Going through the Bond franchise again, I’ve found myself changing my opinion on two films, including one Pierce Brosnan entry that I like more now than previously, to the point where I’ve had to adjust grades and rankings. This 1995 debut outing for the Irishman in the part…is not that film, but it almost could’ve been. Directed by Martin Campbell (“Escape From Absolom”, “Casino Royale”, the unfairly maligned “Green Lantern”) it’s not a bad film, in fact some of it is very good and I liked it a bit more this time around. Brosnan is certainly the best Bond since Connery, I think that’s indisputable, he’s certainly better than Daniel Craig and George Lazenby. If you like lots of action in your Bond film, there’s plenty of that here, certainly. We also get one of the series’ best Bond girls in Famke Janssen’s sexy yet frightening Xenia Onatopp.

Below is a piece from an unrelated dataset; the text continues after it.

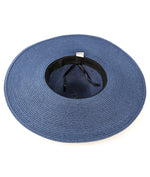 Load image into Gallery viewer, lusciousscarves Wide Brim Blooming Flowers Foldable , Rollable Navy Blue Sun Hat
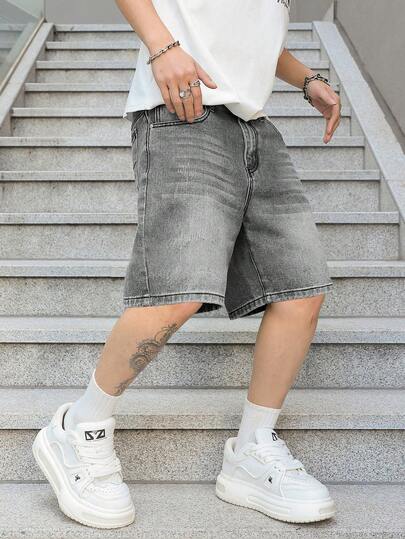 Manfinity EMRG Men's Pockets Loose Wide Leg Casual Versatile Denim Shorts Grey Jean Shorts Men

I even liked Sean Bean’s villain a lot more this time around. One of the series’ most popular entries, I’m still grading this just a shade under a recommendation. Why? Believe me, this is so damn close to getting a recommendation, it’s only by a small margin that this one has the score it receives. The reasons are two in number; Length, and one rather important, uncharismatic performance.

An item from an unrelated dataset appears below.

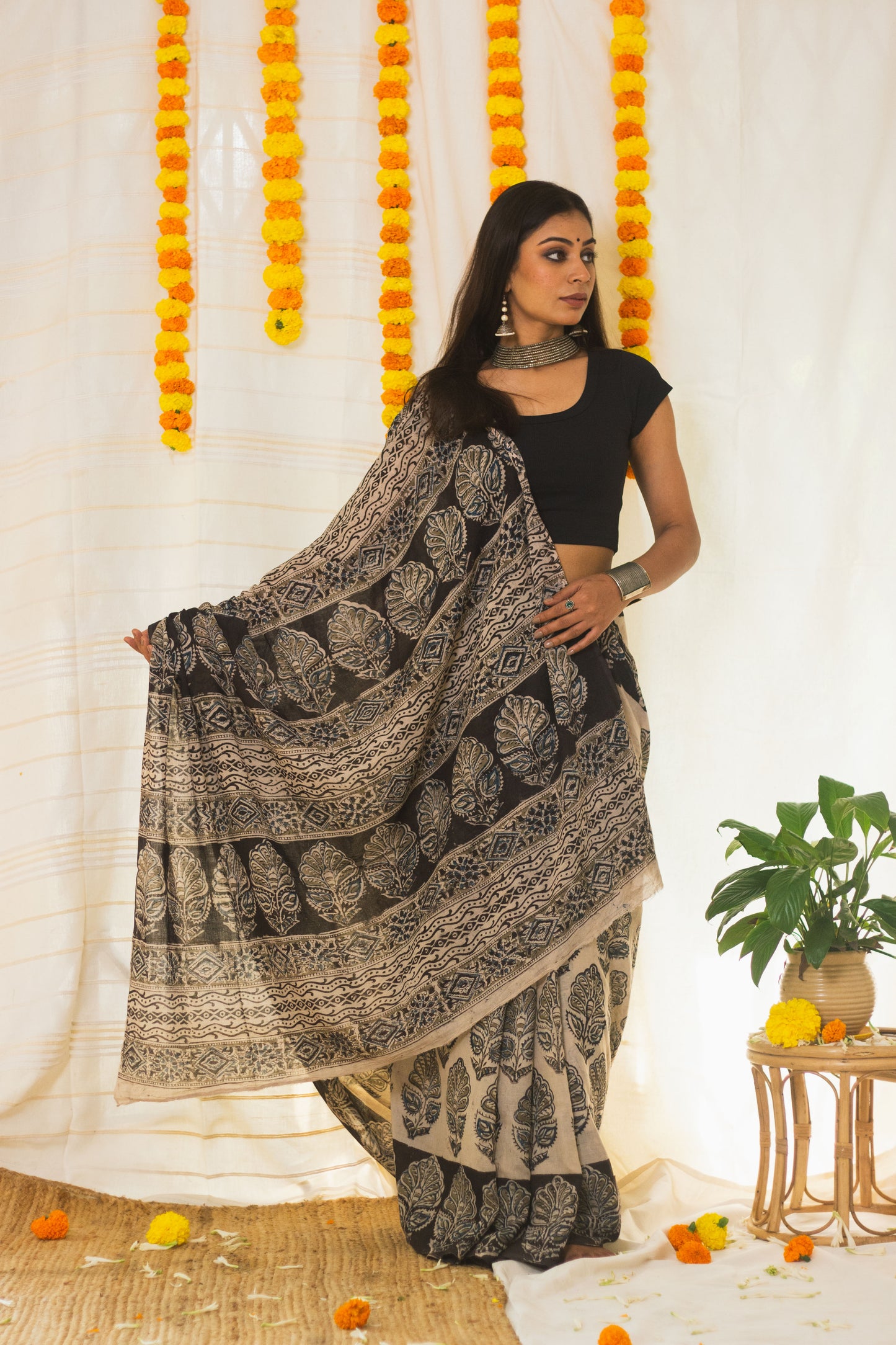 Mul Cotton Block Printed Saree Kalamkari Midnight Magic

As always, let’s start at the beginning though. We get an absolutely abysmal gun barrel theme from Eric Serra (“Rollerball”, “Bulletproof Monk”, “Lucy”), which doesn’t even sound like the James Bond/007 theme at all. What the hell, Eric? It’s the worst gun barrel music to date, that’s for sure. We rebound with a brilliant opening bungee jump stunt that we all saw a hundred times in the trailer in the seemingly endless months before its original release. It’s a very clever, slow reveal of our new Bond actor, which I really liked. The best thing about the pre-credits sequence is Pierce Brosnan, who shows just about every string in his bow from the outset: He can act, he can do the serious action hero stuff, he can be suave, and he can also be funny. On the latter, what I like is that his one-liners are Connery-esque, not fatuous Moore-era puns that make you groan. Moore seemed to toss off one-liners because he could, with Connery and Brosnan they are quality, not quantity. Brosnan and Sean Bean make a fun pair in this opening, action-packed sequence sullied only by Serra’s terrible electronic music score. It’s not overall as bad as some of the 80s Bond scores (“For Your Eyes Only” and “The Living Daylights” in particular), but Christ it’s a dud. Serra’s synthesised percussive shit comes off like a temporary score they eventually planned to replace but forgot or had to rush the film out. It also doesn’t make enough use of the Bond theme or title song in the overall score and even the more iconic elements are botched anyway. Daniel Kleinman is a really fine successor to Maurice Binder, giving us a real bang-up job on the titles design here, including a fallen Lenin statue. The apparently now retired Tina Turner is a perfect choice for the Bono/The Edge-penned title tune. She sings the absolute fuck out of it, and she’s probably a lot better than the song itself, really (and I like the song just fine).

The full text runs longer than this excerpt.